The Republican nominee for an upcoming state Senate special election is retreating from remarks he made this week in a radio interview claiming compulsory busing to desegregate area schools "really was the beginning of the decline in some of the school districts."

Commercial freight executive Wayne Coleman offered that opinion during a Monday appearance on "The John Fredericks Morning Show" in response to a question from the host about fixing failing schools in Norfolk.

Coleman's reply:  "I'm old enough to have lived during the desegregation of the schools here locally. And busing children, in my opinion, around the different districts, getting them out of their local neighborhoods, really was the beginning of the decline in some of the school districts."
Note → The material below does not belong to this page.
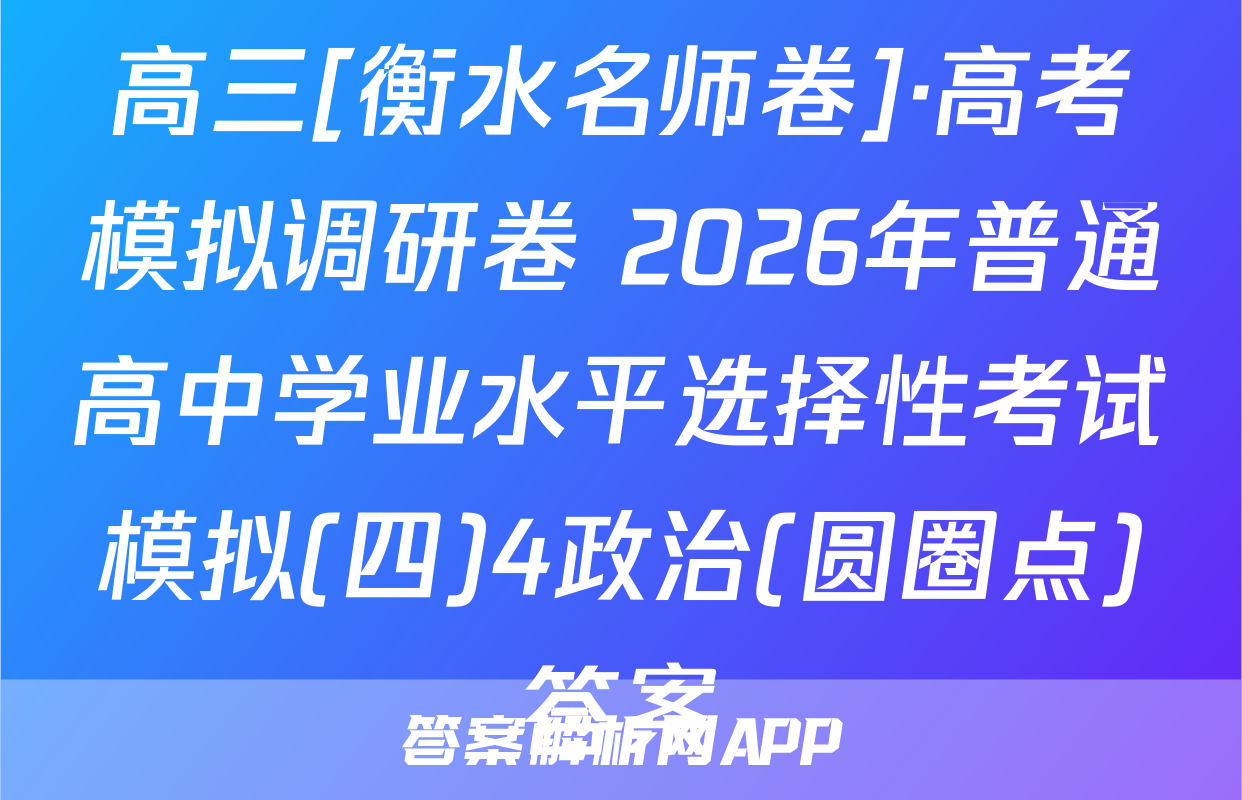 高三[衡水名师卷]·高考模拟调研卷 2026年普通高中学业水平选择性考试模拟(四)4政治(圆圈点)答案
Coleman sought to clarify his comments Wednesday, saying a lack of precision in his phrasing has presented "an opportunity to misconstrue and mischaracterize their meaning."

School segregation remains a bitter chapter in Virginia's history, where resistance to integration remained intense in Norfolk after the Supreme Court in 1954 declared separate-but-equal schools unconstitutional.
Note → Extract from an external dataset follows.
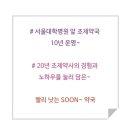 순약국 이미지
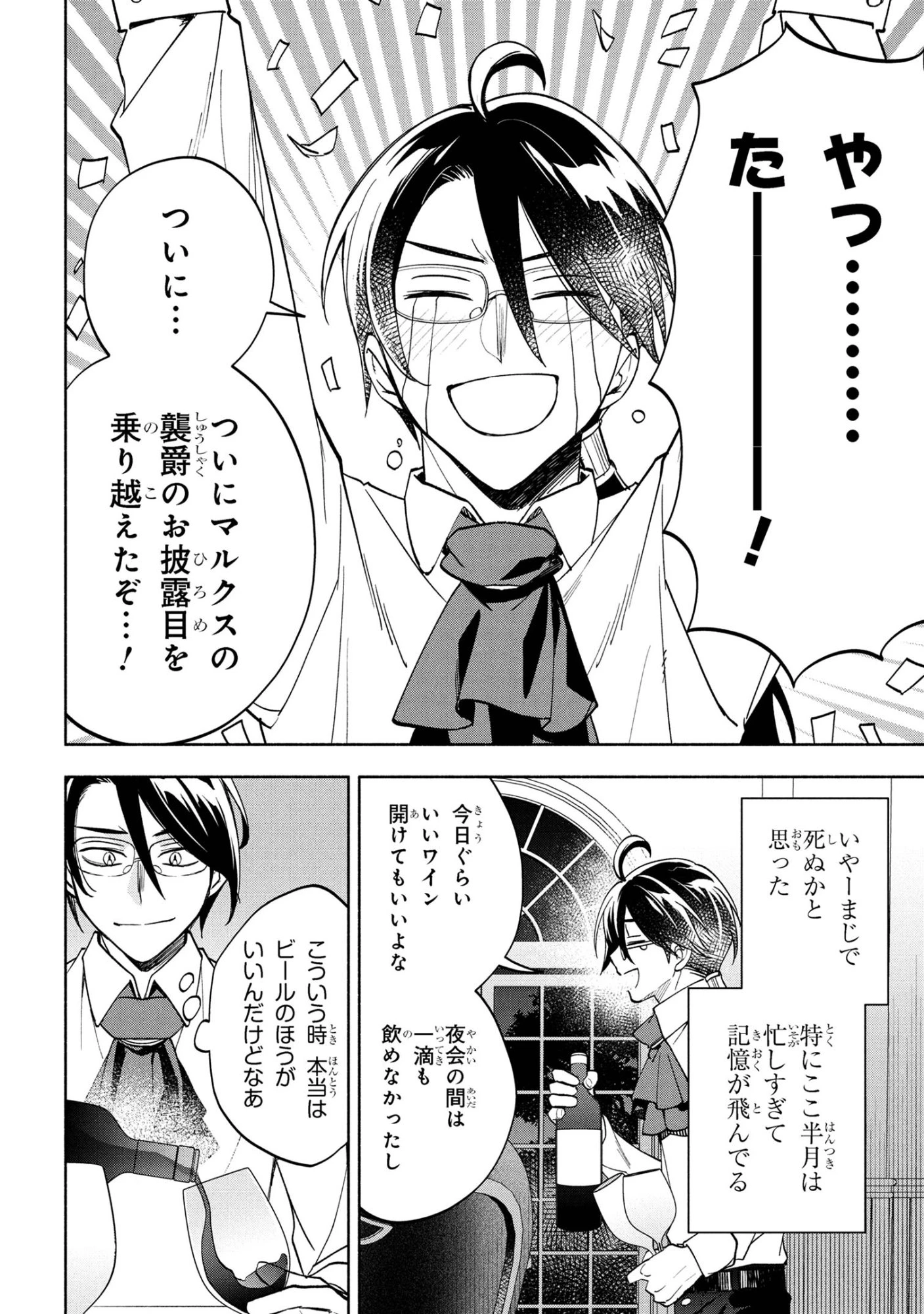 俺の愛娘は悪役令嬢 第7.1話 - 2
Local efforts to stop desegregation, including closing schools, drew national attention. Even after a federal judge ordered Norfolk schools to desegregate in 1958, officials continued to fight to keep black children separate; 17 black students in Norfolk began at white schools the next February.

By the late 1960s, most Norfolk schools remained nearly all white or all black. Mandatory busing, a new approach to desegregation, began in Norfolk in 1970.

Eastern Shore Del. Lynwood Lewis, the Democratic nominee in the 6th Senate District, said Coleman's other "comments are unfortunate and they speak for themselves," in a brief telephone interview Wednesday.

Rodney Jordan, a Norfolk School Board member whose family was involved in the local civil rights movement, said that no matter what Coleman meant, his comments seemed to romanticize a time in history marked by discrimination and hatred.

Today's Virginia GOP is very ugly and it has only become uglier since the Christofascists became the puppet masters for the Republican Party of Virginia.   Not surprisingly, Coleman is no friend to gay Virginians and has promised to take strong stands for gun rights and against abortion and gay marriage. One can only hope that Coleman goes down to defeat.